Au sujet de l'approvisionnement en électricité pour l'Ontario, je dirai simplement que le rôle du fédéral dans la réglementation de l'électricité est limité. L'ONÉ réglemente les lignes internationales de transport d'électricité. Il s'agit généralement de courtes lignes traversant la frontière canado-américaine. Elles sont essentielles à l'échange nord-américain mais elles ne représentent pas une infrastructure importante, comparativement à ce que les provinces, dont l'Ontario, réglementent de manière active.
Cependant, il y a un domaine où notre rôle en matière d'électricité est fort apprécié. En effet, dans le domaine de la fiabilité, l'ONÉ s'est associé aux provinces et territoires ainsi qu'à des entités américaines pour promouvoir un réseau électrique fiable en Amérique du Nord. Il y a tout juste quelques semaines, après une consultation d'envergure, nous avons annoncé que l'ONÉ a décidé de poursuivre la modification de son règlement concernant l'électricité afin d'adopter les normes de fiabilité de la North American Electric Reliability Corporation (NERC) dans un vaste contexte qui intègre des variantes régionales. L'Office a indiqué qu'il travaillera avec les provinces afin d'éviter le chevauchement des efforts dans la mise en application des normes de fiabilité aux lignes internationales de transport. Peu de temps après, la SIERÉ, parmi d'autres parties prenantes, a exprimé son souhait de travailler avec l'ONÉ dans ce dossier.
C'est là un exemple où le travail de l'ONÉ est important pour l'Ontario en ce qui concerne l'approvisionnement en électricité. Notre rôle est modeste mais il est pertinent.
Il y a encore tellement de choses que je pourrais dire à propos de l'énergie et de l'Ontario mais je vais m'arrêter maintenant afin de vous donner du temps pour poser des questions et fournir une rétroaction sur le travail que nous faisons.

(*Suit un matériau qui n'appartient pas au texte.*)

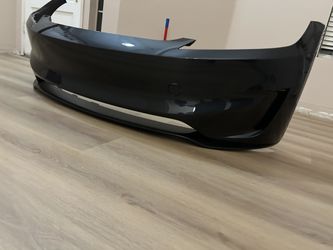 Tesla 3 performance bumper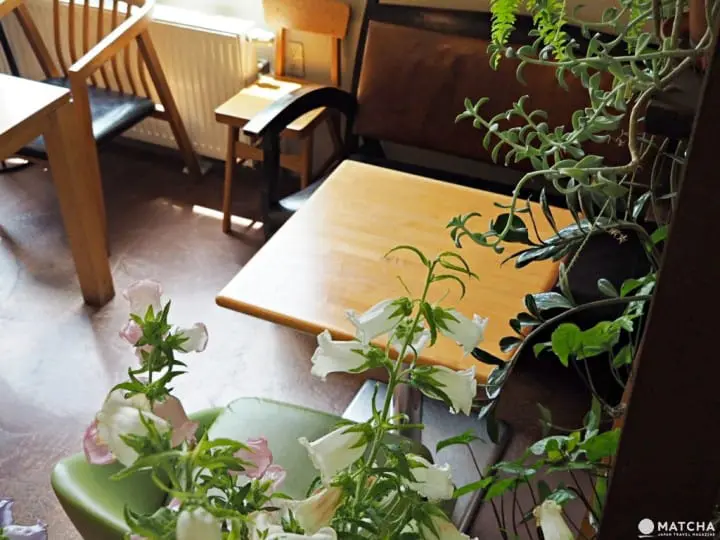 Natural Cafeina店內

J'aimerais conclure en disant que les organismes canadiens de réglementation dans le secteur de l'énergie, l'Office national de l'énergie et la Commission de l'énergie de l'Ontario en particulier, sont bien placés pour s'occuper des questions d'intérêt public qui se poseront à l'avenir au Canada et dans ses provinces et territoires.
J'en suis convaincu et la raison de cette conviction est que partout où je vais, peu importe avec qui je discute et chaque fois que j'examine la question, j'ai la même impression : les organismes de réglementation de l'énergie au Canada tiennent résolument à l'amélioration continue; ils cherchent à apprendre de leurs expériences respectives; ils utilisent des pratiques exemplaires; et ils ne cessent de consulter, de manière significative, les personnes qui sont touchées par les décisions réglementaires.
Je suis également convaincu de notre détermination à poursuivre notre travail : le régime de réglementation n'est pas encore parfait au Canada et dans ses provinces et territoires; nous avons des occasions d'améliorer davantage l'efficience du processus du point de vue du temps et des ressources que nous devons y investir et en fonction de l'efficacité de nos actions dans le but de réaliser les résultats désirés d'une réglementation de classe mondiale.
C'est tout un programme qui mérite d'être réalisé et je m'en réjouis d'avance!